Exercise objective: Repeat the data below exactly, dropping any pictures it holds.

Recorded information:
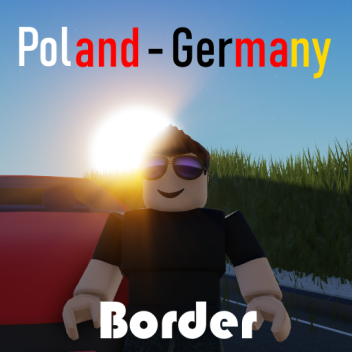 (Car spawner!) Poland-Germany border (ALPHA)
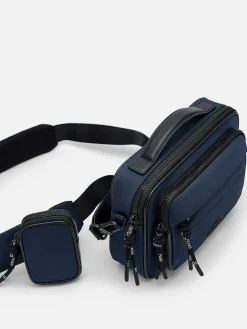 Nylon Sling Bag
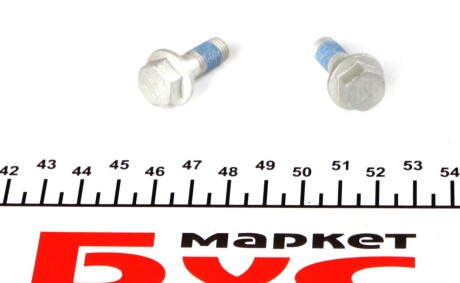 Фото 2 - Тормозные колодки TEXTAR 2343401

Response to this task:
 (Car spawner!) Poland-Germany border (ALPHA)
 Nylon Sling Bag
 Фото 2 - Тормозные колодки TEXTAR 2343401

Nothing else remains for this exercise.